**Goal of the exercise:** Line by line, check the data for the string "where" and state how many lines have it, nothing more.
(Records for this task Opens)
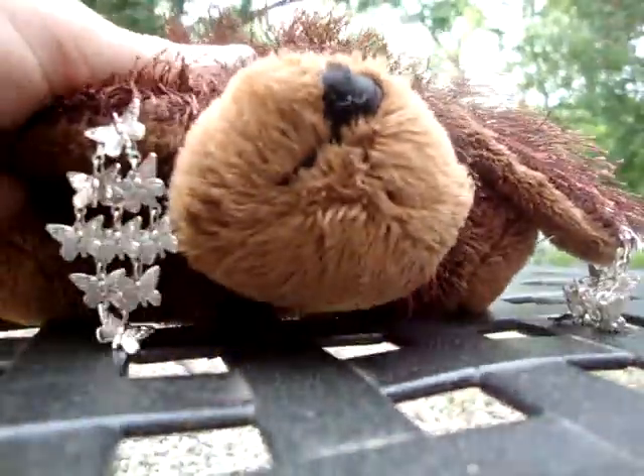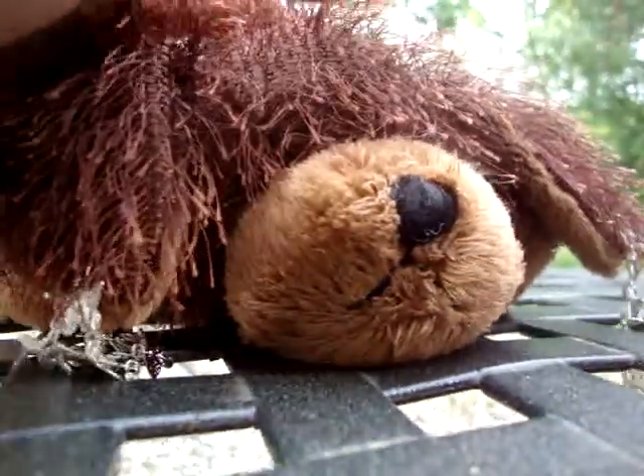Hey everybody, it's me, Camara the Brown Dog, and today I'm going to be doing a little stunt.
(Records for this task Closes)
(Records for this task Opens)
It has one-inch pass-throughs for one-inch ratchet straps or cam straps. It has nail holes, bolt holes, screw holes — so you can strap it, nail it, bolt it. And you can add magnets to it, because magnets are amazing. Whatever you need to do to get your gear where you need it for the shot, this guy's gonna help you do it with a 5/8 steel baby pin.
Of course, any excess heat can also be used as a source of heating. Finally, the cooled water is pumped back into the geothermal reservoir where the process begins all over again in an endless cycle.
(Records for this task Closes)
**Solution to this problem:** 2